Bonjour, bonjour !

Comment allez-vous en ce dimanche après-midi ? Passez-vous un agréable week-end ? Avez-vous osé mettre le nez dehors par ce froid ? Bbbbrrrr ^^ Pour ma part, ma fin de semaine a débuté par l'annonce d'une excellente nouvelle, porteuse de belles émotions partagées, et accueillie par une magnifique tempête de neige ! Vendredi soir, Paris n'était que blancheur et silence, nous offrant un tableau rare, d'une étrange tranquillité mêlée de fantaisie. Mieux chaussés, nous nous serions volontiers laissés tenter par une balade nocturne ; d'autant que nous étions envahis -je pense- d'une folie douce, d'un regain d'optimisme après la découverte du film El Ultimo Elvis, vraiment séduisant, délicat et sensible, jamais ridicule.

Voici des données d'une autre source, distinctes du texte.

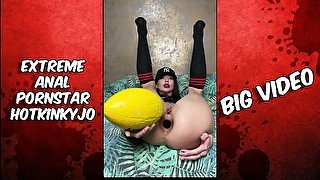 22.01.2022 Sexy player Hotkinkyjo with huge rugby ball in her ass, anal gape & prolapse BIG VIDEO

Juste de quoi nous donner foi en cette année 2013. Il était grand temps !

elvis

Malheureusement, hier déjà, la neige avait perdu de son éclat et nous étions plutôt occupés à garder notre équilibre qu'à admirer le paysage ! Néanmoins, nous avons eu le courage de trottiner jusqu'à la Cinémathèque afin d'y découvrir l'exposition consacrée au film Les Enfants du Paradis qui m'a tout simplement séduite : j'y ai beaucoup appris et m'y suis promenée très agréablement ; la scénographie est, en effet, très soignée, les documents nombreux et variés (photographies, costumes, maquettes de décor, etc). Plusieurs thèmes sont abordés, tantôt légers, tantôt plus "graves" et nous apprenons même qu'une troisième partie au film était initialement prévue. La salle consacrée à la réalisation durant l'Occupation de ce qui est immédiatement devenu un classique  m'a beaucoup intéressée et j'ai été touchée par la volonté de Marcel Carné d'en faire le premier film de la paix enfin retrouvée, en retardant sa sortie jusqu'en mars 1945. Que de charme, d'ambition, de complexité et de complicité dans cette grande aventure de cinéma et d'amitié.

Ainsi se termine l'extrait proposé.